Já que entrevistar clientes se faz aplicando técnicas de pesquisa, etc, é preciso estudar muito bem essas técnicas, escolher quais usar e, o mais importante, praticá-las. É claro, a dificuldade muda de pessoa para pessoa e de produto para produto, mas não espere nada menos que uma atividade que vai demandar bastante tempo e dedicação, além de estudo, é claro.

Eu já dediquei um post inteiro sobre alguns fundamentos que acredito serem bastante eficazes na hora de conduzir essas pesquisas.

Essa necessidade de se pesquisar e utilizar técnicas, aliada a desconfiança sobre a validade do que é levantado numa conversa com clientes, fazem com que muitos desistam sem sequer começarem. Eu mesmo confesso que relutei um pouco no início e por algumas ocasiões achei que estava perdendo meu tempo conversando com clientes. Entretanto, essa visão mudou bastante depois de que eu quebrei uma startup e obtive bons insights para outra, a Umbler.

Mas é inevitável se você quiser aumentar (e muito) as chances de sucesso do seu produto. Ah, e entrevistar clientes é peça chave do framework Jobs To Be Done?

Jobs To Be Done? Jobs?
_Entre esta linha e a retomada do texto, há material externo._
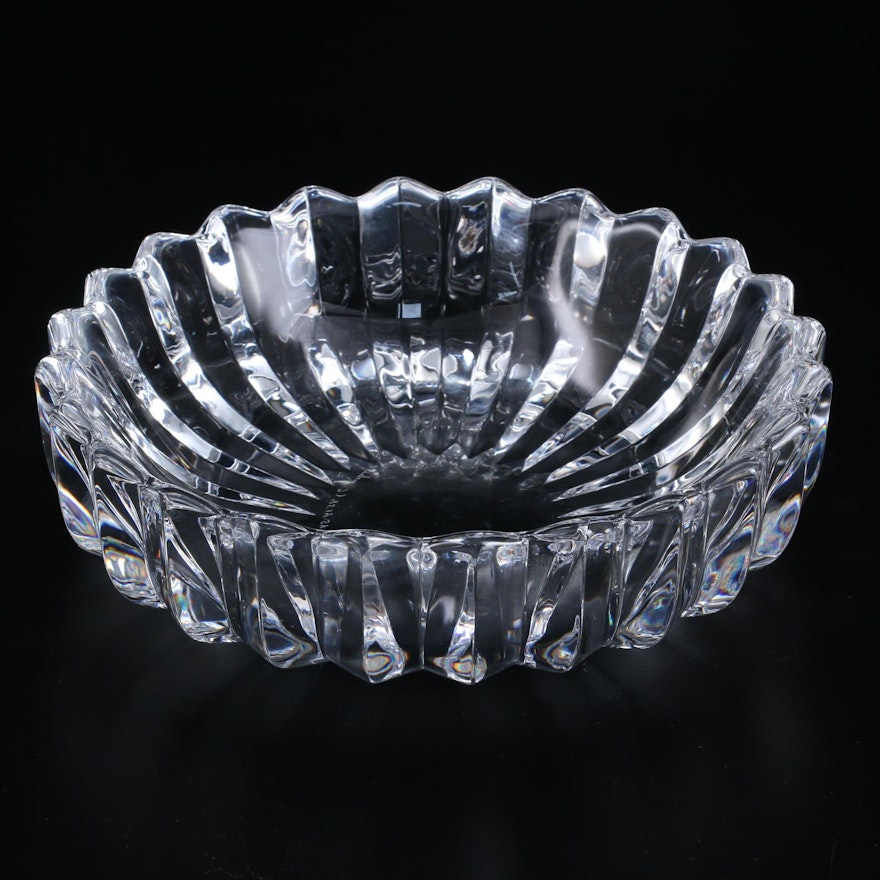 Orrefors Crystal Centerpiece Bowl, Mid to Late 20th Century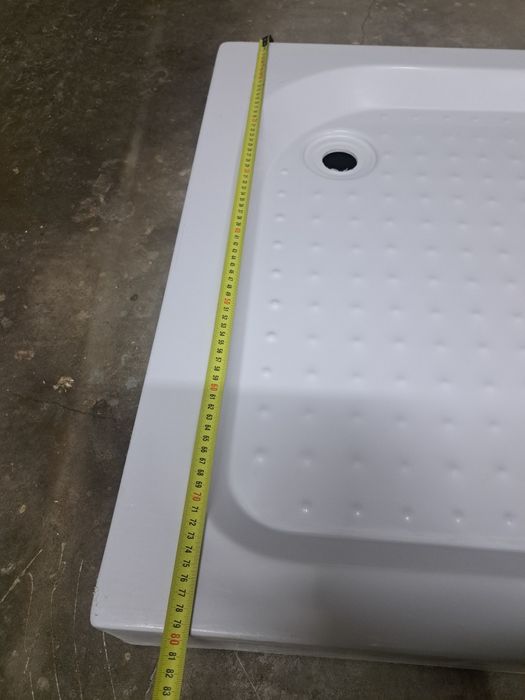 Піддон 80х80см квадратний,новий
Hehe, brincadeira, mas só pra reforçar que vale muito a pena ler esse post para ver o que é ou para relembrar 😉

E, ainda assim, se nenhuma dessas razões paralisar a interação com os clientes, o medo pode sempre dar as caras.
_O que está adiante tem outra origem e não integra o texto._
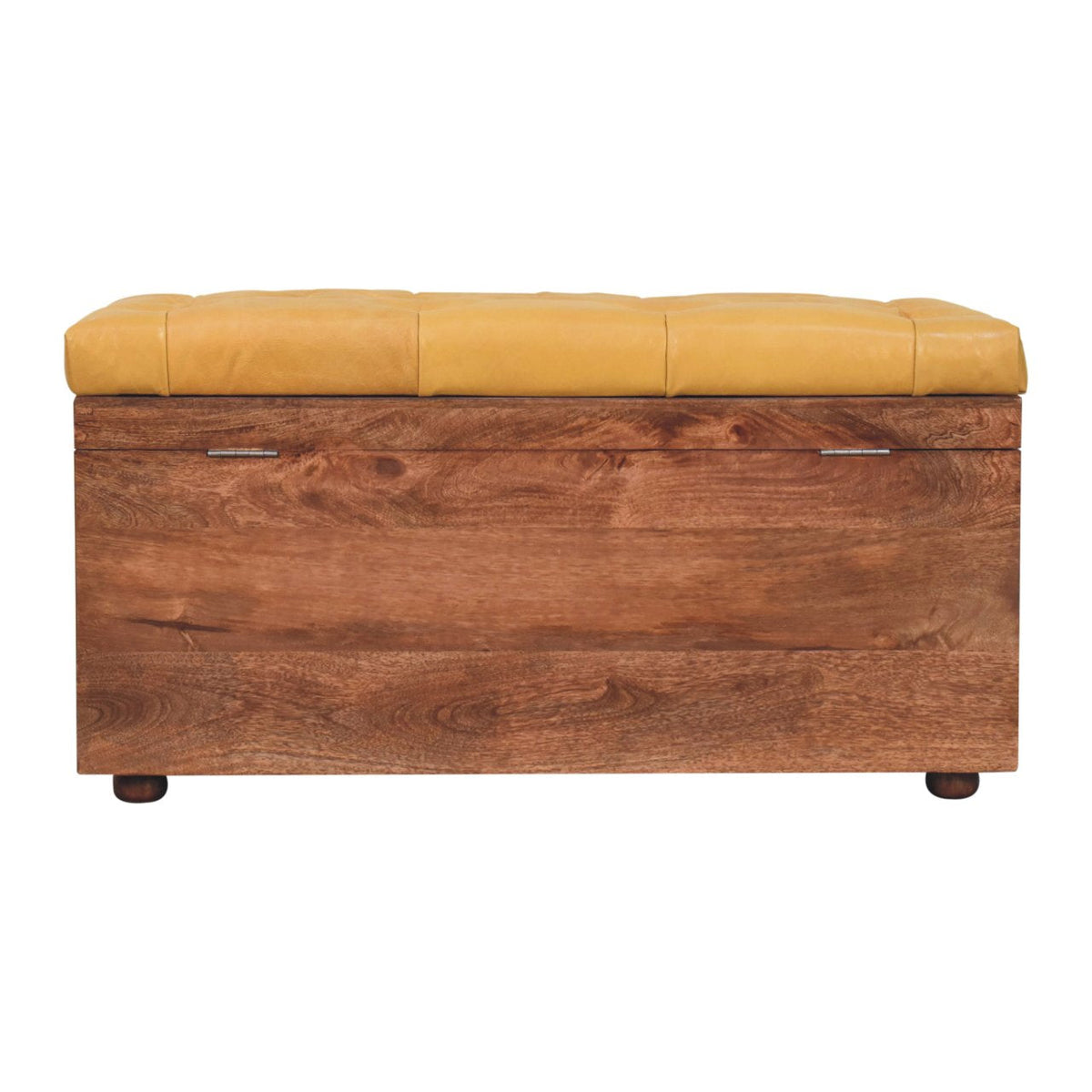 Buffalo Hide Honey Caramel Storage Trunk Storage Bench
3) Medo de invalidar a solução atual (medo da verdade).

Sim, muita gente tem medo de descobrir que o produto desenvolvido (ou planejado, projetado, etc) até então, na verdade não é o que os clientes precisam ou querem. Isto pode parecer absurdo, mas depende muito da sua experiência.

Se você ainda não esteve a frente de um projeto de um produto novo, pode ser absurdo acreditar que alguém teria esse medo. Ou, ainda, pode julgar as pessoas que o têm. Mas a realidade é que é muito difícil de se desvencilhar da nossa fidelidade às coisas que criamos.

Embora a frase abaixo:

“Apaixone-se pelo problema, não pela solução.”

, seja bastante romantizada e dita por aí, a prática é muito diferente.

Assim como nossa natureza pode nos atrapalhar na hora de analisar os pontos fora da curva, ela também pode nos sabotar. Nós humanos temos uma tendência enorme de nos orgulharmos muito daquilo que construímos (ou ajudamos a construir).

E não sou eu que estou dizendo que temos essa tendência, vários economistas comportamentais apontam esse fenômeno. Se você quiser saber mais sobre isso, pesquisa por “efeito ikea” no Google.

Então nossa preferência pelo o que criamos pode nos deixar com medo de “colocarmos nosso filho à prova”. Ah, muito importante, por experiência própria, parece que esse medo aumenta muito conforme passamos muito tempo desenvolvendo o produto e não falando com clientes. Mas mesmo assim, mesmo tarde, vale a pena.

E, por fim, a realidade é que entrevistar clientes pode se tornar muito útil e, até mesmo, divertido com o tempo.